JESUS OF NAZARETH
Bespreking door: William - Geplaatst op: 2017-04-10
TV-MINISERIE
Met Pasen vieren de christenen het feit dat Jezus Christus is opgestaan uit de dood, drie dagen na zijn kruisiging in Jeruzalem. Het feest vindt zijn oorsprong in het Joodse
Pesach, waarmee het einde van de slavernij in en de uittocht uit Egypte worden herdachten. Op het Concilie van Nicea (325) kreeg het paasfeest z’n huidige betekenis voor de christenen.
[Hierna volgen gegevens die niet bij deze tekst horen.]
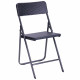 Стілець складний Морган YC-042 пластик Rattan Black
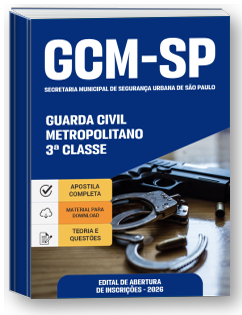 Guarda Civil Metropolitano - 3ª Classe - GCM - São Paulo - SP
De kruisiging en de verrijzenis zijn door de apostelen gedocumenteerd in het Nieuwe Testament, en deze verfilming steunt op het zgn. evangelie volgens Johannes, die het op hoge leeftijd zou hebben neergeschreven in Efeze, althans dat is wat Irenaeus, de bisschop van Lyon, beweerde, die het verhaal had van Polycarpus van Smyma, die in 155 op 85-jarige leeftijd overleed en die Johannes persoonlijk had gekend. De toewijzing is evenwel omstreden, o.a. omdat Johannes pas in de 2de eeuw als auteur van het evangelie wordt genoemd. Tegenwoordig gaat men ervan uit dat het evangelie volgens Johannes in de periode 90-110 is geschreven en dat de auteur zich minstens gedeeltelijk op twee eerdere bronnen heeft gebaseerd, nl. de evangeliën van Marcus en Lucas. Opvallend is overigens dat de auteur vaak feiten en geografische referenties door elkaar haspelt en dat zijn tekst ook afwijkt wat betreft het optreden van Johannes de Doper, die bij hem gewoon Johannes wordt genoemd.
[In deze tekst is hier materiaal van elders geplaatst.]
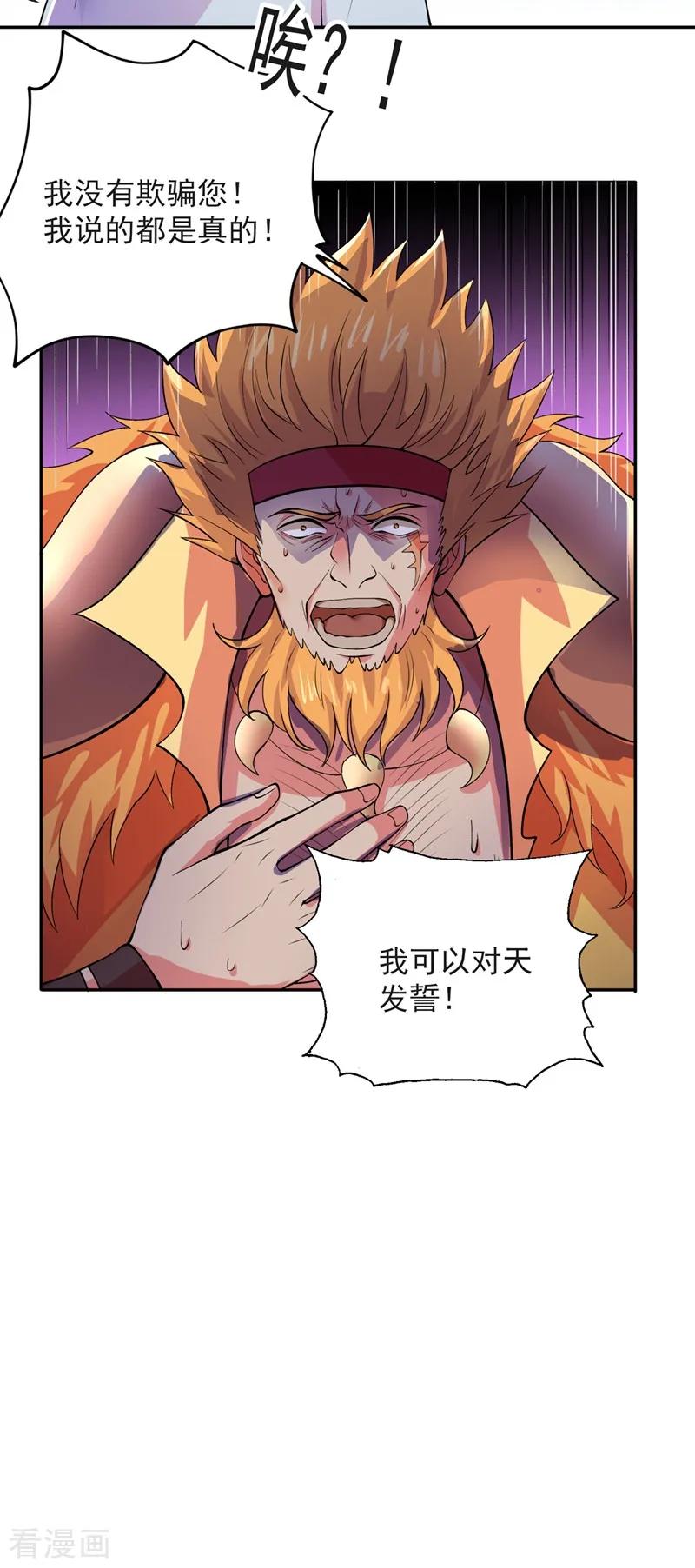灵剑尊 第315话 大哥再饶我一命！ 第12页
De Engelse auteur Anthony Burgess (A Clockwork Orange, 1971) werd aangezocht om het script voor de film te schrijven, maar dat bleek geen gemakkelijke opdracht, want zijn scenario werd een paar keer door regisseur Franco Zeffirelli en zijn theologische adviseurs afgewezen omdat ze niet geïnteresseerd waren in Burgess’ poging om de drijfveren van Jezus’ keuze te achterhalen. Zeffirelli wilde in de eerste plaats een letterlijke versie van het Jezus-verhaal inblikken met de nadruk op de highlights uit het evangelie en met flink wat pathos en romance, waarin hij ook is geslaagd, en Jesus Of Nazareth mocht dan ook rekenen op de goedkeuring van het Vaticaan (en de financiële steun van General Motors en IBM). Pittig detail voor muggenzifters: omdat volledigheid werd nagestreefd, zag Burgess zich verplicht om leentjebuur te spelen bij de andere evangelisten, want in het evangelie volgens Johannes wordt Jezus niet gedoopt door Johannes de Doper, terwijl die scène wél in de film is gemonteerd.
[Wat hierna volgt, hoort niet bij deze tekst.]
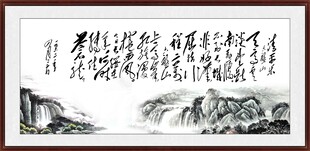 清平乐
De biografie van Jezus Christus is u wellicht bekend. Ze behoort tot ons culturele erfgoed en zelfs als je ongelovig bent is het zo goed als onmogelijk om niet via het een of andere medium minstens een ruwe kennis te hebben van de inhoud. De film begint op het moment dat Maria wordt bezocht door de engel die haar meedeelt dat haar nicht Elisabeth zwanger is en dat zij zelf ook van een kind zal bevallen. Het is opnieuw een verhaallijn die Burgess bij de andere evangelisten heeft gehaald, want Johannes begint zijn verhaal bij het publieke optreden van Johannes de Doper, die volgens Lucas zes maand ouder was dan Jezus, maar die schijnbaar veel vroeger begon te prediken, waardoor hij al een bekende figuur was toen Jezus aan zijn publieke carrière begon. Via de wijzen uit het oosten, de kindermoord en de vlucht naar Egypte evolueert het verhaal naar de jonge Jezus die predikt in de Synagoge en vervolgens naar de figuur van Johannes de Doper, waarmee de film pas echt in lijn komt met het evangelie van Johannes: de eerste prediking, Jezus’ doopsel door Johannes de Doper (uit Lucas), de confrontatie met de joodse geestelijke overheid, de roeping van de apostelen, de toetreding van Judas Iscariot, de onthoofding van Johannes de Doper en uiteindelijk de confrontatie met het Romeinse gezag in Jeruzalem dat uitmondt in de kruisiging.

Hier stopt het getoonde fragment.